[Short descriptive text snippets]
_ _ _ _ _
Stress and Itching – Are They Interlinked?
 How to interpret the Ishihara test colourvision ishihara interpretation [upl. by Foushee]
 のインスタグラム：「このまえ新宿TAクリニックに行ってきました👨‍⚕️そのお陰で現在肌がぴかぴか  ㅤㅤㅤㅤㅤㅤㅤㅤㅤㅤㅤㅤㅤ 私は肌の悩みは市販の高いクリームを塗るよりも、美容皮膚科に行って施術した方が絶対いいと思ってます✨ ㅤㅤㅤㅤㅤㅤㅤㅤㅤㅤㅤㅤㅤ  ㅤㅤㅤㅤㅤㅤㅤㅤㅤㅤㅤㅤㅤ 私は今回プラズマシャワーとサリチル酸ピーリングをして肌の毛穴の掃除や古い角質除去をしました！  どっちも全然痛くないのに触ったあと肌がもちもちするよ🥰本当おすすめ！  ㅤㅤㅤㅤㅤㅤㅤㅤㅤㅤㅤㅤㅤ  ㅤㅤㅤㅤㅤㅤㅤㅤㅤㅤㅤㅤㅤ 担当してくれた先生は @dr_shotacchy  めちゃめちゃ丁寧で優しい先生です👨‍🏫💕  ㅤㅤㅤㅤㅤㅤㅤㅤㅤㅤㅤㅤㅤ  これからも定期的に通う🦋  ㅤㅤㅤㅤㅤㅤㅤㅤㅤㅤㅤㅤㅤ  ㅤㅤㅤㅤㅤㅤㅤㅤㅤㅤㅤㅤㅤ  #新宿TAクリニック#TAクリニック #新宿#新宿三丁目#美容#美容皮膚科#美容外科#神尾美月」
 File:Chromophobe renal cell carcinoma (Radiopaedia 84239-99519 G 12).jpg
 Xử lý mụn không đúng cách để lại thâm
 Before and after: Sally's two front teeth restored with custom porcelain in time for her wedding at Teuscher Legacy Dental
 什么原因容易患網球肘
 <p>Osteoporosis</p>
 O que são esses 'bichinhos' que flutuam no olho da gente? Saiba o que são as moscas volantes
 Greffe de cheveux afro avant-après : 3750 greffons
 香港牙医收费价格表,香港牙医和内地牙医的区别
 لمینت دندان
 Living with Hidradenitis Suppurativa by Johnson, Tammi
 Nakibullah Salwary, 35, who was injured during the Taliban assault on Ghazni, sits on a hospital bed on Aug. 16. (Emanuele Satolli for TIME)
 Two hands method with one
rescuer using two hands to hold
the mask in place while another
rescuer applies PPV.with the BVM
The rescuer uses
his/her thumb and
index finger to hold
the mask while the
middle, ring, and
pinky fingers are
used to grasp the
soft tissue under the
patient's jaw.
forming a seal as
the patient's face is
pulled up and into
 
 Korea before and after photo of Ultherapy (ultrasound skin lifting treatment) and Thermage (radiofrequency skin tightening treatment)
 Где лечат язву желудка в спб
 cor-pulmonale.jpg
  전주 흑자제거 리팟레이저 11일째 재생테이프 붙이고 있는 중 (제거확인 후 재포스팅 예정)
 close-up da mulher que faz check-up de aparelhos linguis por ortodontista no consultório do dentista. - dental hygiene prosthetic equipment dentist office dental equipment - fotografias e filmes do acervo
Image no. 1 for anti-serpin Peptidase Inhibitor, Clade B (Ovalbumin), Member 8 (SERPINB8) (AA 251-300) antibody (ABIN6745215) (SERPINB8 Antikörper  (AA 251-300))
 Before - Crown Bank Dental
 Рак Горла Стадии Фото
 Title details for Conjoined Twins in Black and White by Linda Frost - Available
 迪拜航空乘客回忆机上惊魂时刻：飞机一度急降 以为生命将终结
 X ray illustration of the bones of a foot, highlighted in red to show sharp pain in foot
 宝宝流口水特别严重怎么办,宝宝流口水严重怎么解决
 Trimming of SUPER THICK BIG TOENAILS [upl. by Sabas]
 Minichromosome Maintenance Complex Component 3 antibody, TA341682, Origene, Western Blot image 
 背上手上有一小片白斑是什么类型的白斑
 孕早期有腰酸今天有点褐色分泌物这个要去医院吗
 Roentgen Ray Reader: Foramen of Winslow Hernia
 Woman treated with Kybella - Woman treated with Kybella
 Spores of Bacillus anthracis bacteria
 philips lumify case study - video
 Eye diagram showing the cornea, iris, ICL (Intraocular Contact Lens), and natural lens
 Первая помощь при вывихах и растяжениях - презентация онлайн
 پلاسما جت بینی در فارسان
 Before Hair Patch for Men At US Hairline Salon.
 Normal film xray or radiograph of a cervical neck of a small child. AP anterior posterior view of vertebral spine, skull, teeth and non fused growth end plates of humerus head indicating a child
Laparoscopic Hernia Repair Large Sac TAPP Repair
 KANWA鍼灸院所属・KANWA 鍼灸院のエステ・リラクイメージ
_ _ _ _ _
The lines in the records above that include the word "after" must be copied out.

## SOLUTION TO THIS PROBLEM
 Before and after: Sally's two front teeth restored with custom porcelain in time for her wedding at Teuscher Legacy Dental
 Korea before and after photo of Ultherapy (ultrasound skin lifting treatment) and Thermage (radiofrequency skin tightening treatment)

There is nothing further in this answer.